The most expensive mistake RV owners make is replacing parts before they’ve diagnosed the actual problem. I’ve walked up to rigs where the owner has already swapped three components and the real issue is something a five-dollar fuse or a loose connector would have fixed. Diagnosis first. Always diagnosis first. On the Entegra Accolade, the rooftop AC system takes a beating — heat cycles, road vibration, and years of runtime turn capacitors brittle and fan motors sluggish, and when that unit stops cooling in the middle of July in Arizona, the temptation is to just start throwing parts at it. This guide will walk you through the way I actually approach this job in the field: test before you touch, confirm the failure point, and only then put hands on the components — because nine times out of ten, a proper diagnosis is the difference between a forty-dollar capacitor fix and an unnecessary compressor replacement that didn’t need to happen.
The Capacitor That Stops Your Dometic AC From Being a Doorstop
On the Accolade, the Dometic rooftop unit’s capacitor brittle out from heat cycling and road vibration—the fan slows to a crawl, the compressor struggles, and you’re left with lukewarm air in hundred-degree heat. This is the part that actually fixes it, not a new motor or a full AC unit replacement.
What works
- Fan speed snaps back immediately—you’ll notice the airflow difference within thirty seconds of power-up, and the startup current draw drops where it should be.
- Compressor stops laboring—the unit cycles normally instead of humming under load, and your amp draw returns to what the manual says it should be.
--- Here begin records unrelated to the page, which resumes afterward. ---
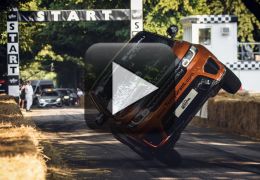Piloto bate seu próprio recorde andando com carro sobre apenas duas rodas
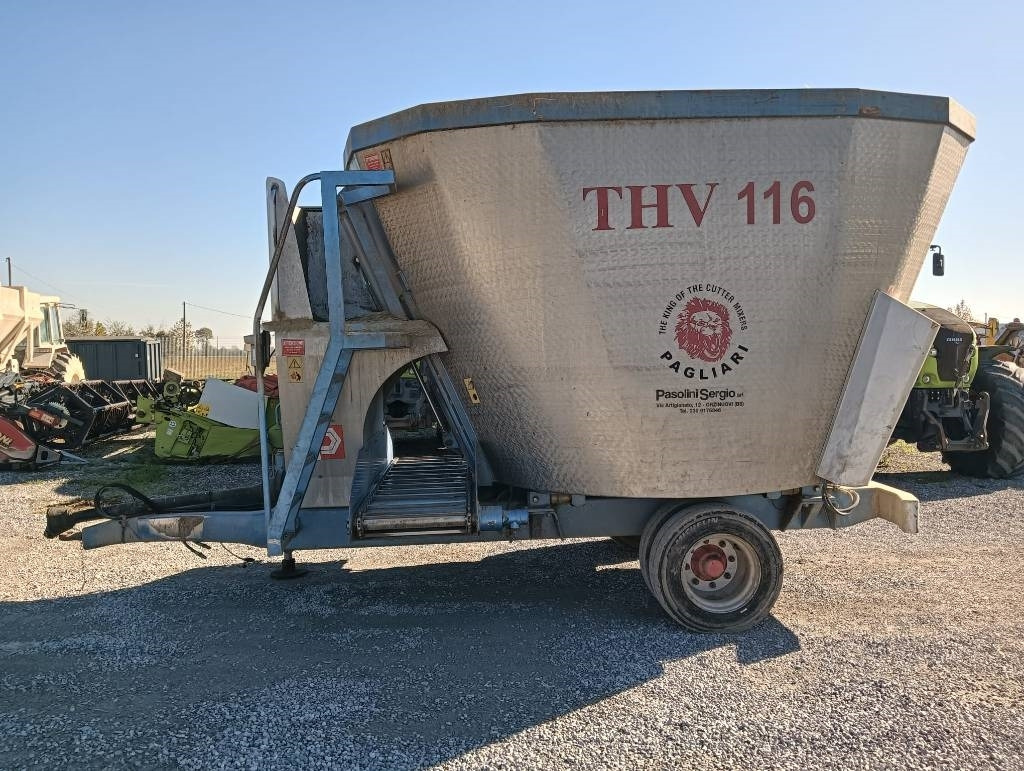 PAGLIARI Thv 116 - Forage mixer wagon: picture 2 PAGLIARI Thv 116 - Forage mixer wagon: picture 2
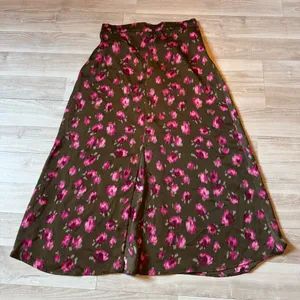 Halogen Floral Slit Midi Skirt thumbnail 1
- Holds up through another five years of road vibration if you’ve got a stable rig and aren’t running the AC nonstop at 115°F ambient.
What doesn’t
- You have to pull the shroud and access the mounting bracket inside the plenum—it’s tight work in a crawl space on a hot day, and sweat drips onto the connections.
- Cross-reference the MFD rating obsessively; a 50/5 won’t work, and a 70/7 won’t fit the mounting—this isn’t forgiving, and a wrong order means a second Amazon return.
I second-guessed myself halfway through the install because the old capacitor was so corroded I couldn’t read the original MFD rating, and I was certain I’d ordered the wrong one—but the moment the fan spun up at full speed, I knew it was right. Get Fits for Dometic 3312195.000 Air Conditioner RV AC Motor Capacitor 60/5 MFD, Heavy Duty Air Conditioner Capacitor Replacement, Compatible with Dometic 3312195000 RV Air Conditioner Models.
Fits for Dometic 3312195.000 Air Conditioner RV AC Motor
Swapped mine after the original started hunting—fan responds instantly now, amps stay normal.